In the early 1970s, Piel felt he had come close to his goal of a "meat sheep that did not require shearing." He selected from his large flock approximately 120 of the best ewes and called them "Katahdin" sheep after Mt. Katahdin, the highest peak in the state of Maine.
In October 1975, Piel imported a handful of Wiltshire Horn sheep from Wales via Canada. He intended to improve size and bone by incorporating the Wiltshire into the Katahdins. The first crosses were born in 1976.
Paul and Margaret Jepson of Vermont had become acquainted with Piel while trying to locate Wiltshire Horn stock and decided the newly developed Katahdins would suit them better. They purchased some sheep from Piel in the mid-1970s and established the first satellite flock of Katahdins. The Jepsons then experimented with incorporating St. Croix blood (another hair sheep breed akin to the original "African Hair" type) into their flock in the early 1980s.
Heifer Project International, an international livestock development charity, took an interest in Piel's work and his "improved" hair sheep. HPI realized that Katahdins were well suited to the southern U.S. and built a sizeable flock at their center in Arkansas through the 1980s based on stock from Piel Farm and Jepsons.

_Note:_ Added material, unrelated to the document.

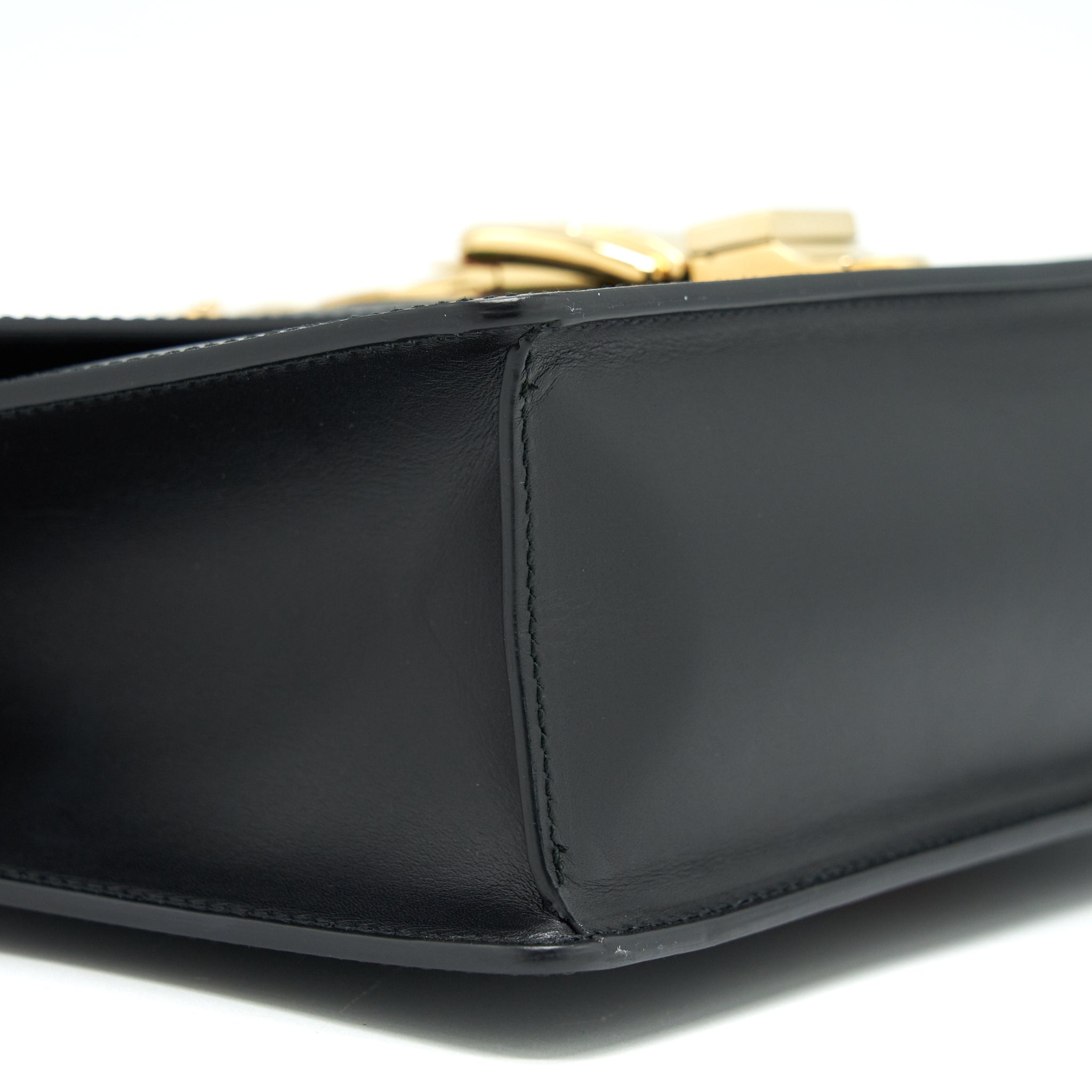 gucci-small-sylvie-shoulder-bag-black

Michael Piel died suddenly of a heart attack in December of 1976. The Wiltshire Horn influence in the Piel Farm flock increased in the late 1970s as scale and bone improved somewhat. However, the undesirable presence of horns, decreased prolificacy and flocking instinct, and a flightier disposition resulted from incorporating the Wiltshire Horn. During the early 1980s, under the leadership of Barbara Piel and farm manager Charles Brown, flock selection was against horns.
Katahdin Hair Sheep International was incorporated in 1985 as a breeders' association and registry by Piel Farm, Heifer Project, and Donald Williams. The first inspection of animals for the original registry flock book was conducted in 1986. Stan Musgrave, an animal scientist from Maine familiar with the Piel flock, inspected all Katahdins known to exist across the United States. The first KHSI members were accepted in 1987, and 23 breeders agreed to join KHSI and register their Katahdin stock.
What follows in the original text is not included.